Postby punjaporn » 24 Feb 2017 14:02

Hi all,
I am looking for ways of grouping a long list of linguistic and non-linguistic features of words.
For example, the 3 different features: (1) number of letters in a word, (2) words coverage in the 1000 most frequently used English word list, (3) number of senses of a word (polysemy) could be measured to reveal ‘Word difficulty’. Having more than 200 features, I need to group them in some way to help me interpret them as a group, but not as individuals.

Previous literature investigated, e.g. ‘difficulty’, ‘complexity’, ‘formality’, ‘sophistication’ through several measures. But, these terms were actually studied in individual papers and many of them overlap.

I think I am having 2 options to begin with. First, I can look at each of the features and make a list of the terms that the features could reflect. The problem is that one feature also reveals various aspects. So, the second option, having an initial list of terms and placing the features under the terms seem to be more practical. If you know any resources for a single common category of features or ideas on how should I choose the umbrella terms for features, please let me know. Thank you so much.
Re: linguistic and non-linguistic feature classification

Postby sgtowns » 25 Feb 2017 14:38

I have struggled with a similar issue in my PhD research. The terms used in the literature are really confusing because, as you said, they overlap a lot depending on when the paper was written and who wrote it.

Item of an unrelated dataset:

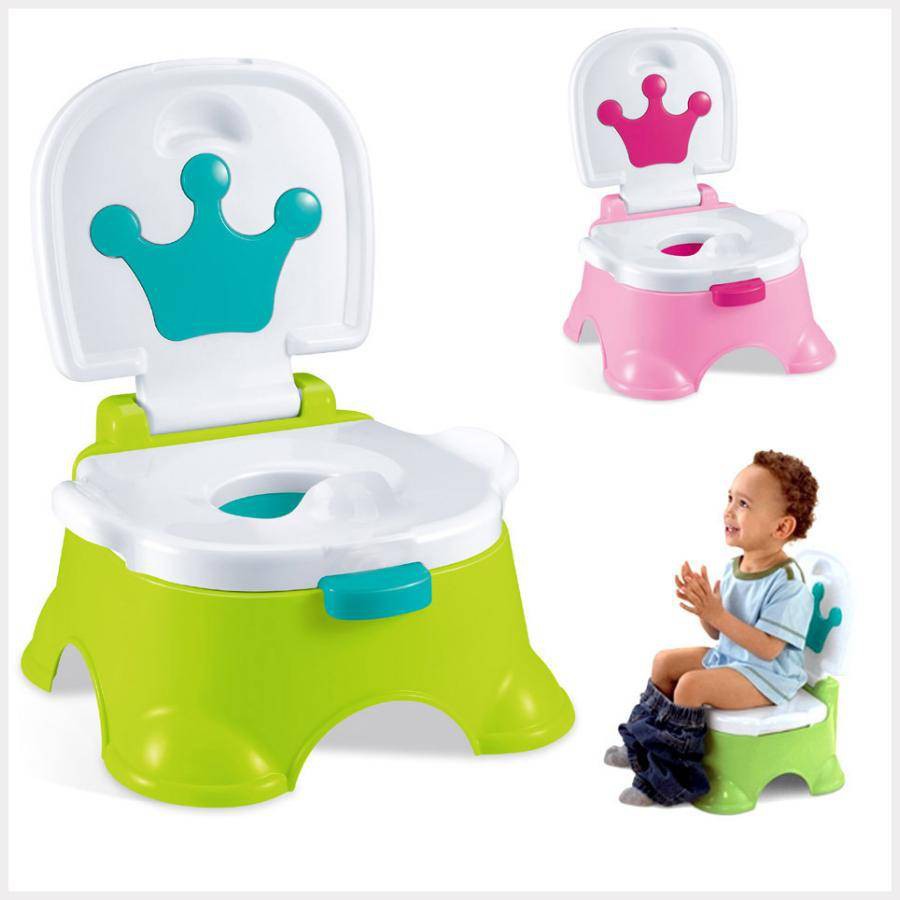 Baby Potty Potty Training Seat Shopee Malaysia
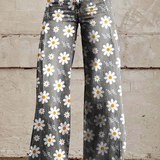 Weronika | boho stiilis vintage püksid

Instead of thinking about your two options of 1) features with list of categories or 2) categories with lists of features, maybe you can make a spreadsheet with features (word coverage, numbers of letters in a word) in rows with your categories (difficulty, diversity, sophistication) as columns, and then mark which ones fit where. Then, you can probably move rows and columns around and start to see some patterns about which features group together more often than not (I am guessing).

I can't figure out how to format a table here, so I took a picture of what the spreadsheet might look like:
For an idea about what categories to use, Coh-Metrix separates their 108 linguistic features into 11 top-level categories:

1. Descriptive
2. Text Easability Principal Component Scores
3. Referential Cohesion
4. LSA
5. Lexical Diversity
6. Connectives
7. Situation Model
8. Syntactic Complexity
9. Syntactic Pattern Density
10. Word Information
11. Readability

(For more info on the 108 features, see ... dices.html)

Coh-Metrix comes from a psycholinguistics perspective, so I think that it would be better to do the spreadsheet idea above and make your own categories. You might come up with additional / different insights.

I don't know of any articles or books that have a matrix like this. It would basically be a meta-analysis of previous literature and could be a very interesting study and very helpful for others who are researching linguistic features.
Re: linguistic and non-linguistic feature classification

Postby punjaporn » 26 Feb 2017 00:06

Stuart, thank you so much for the very useful idea about the spreadsheet with the clear examples. The link to Coh-metrix devices also gives me good ideas of how I can present my features and their description.

Also, I completely agree with you that a meta-analysis of linguistic features investigated in previous research could be very useful and interesting. So now you have your next research topic! :)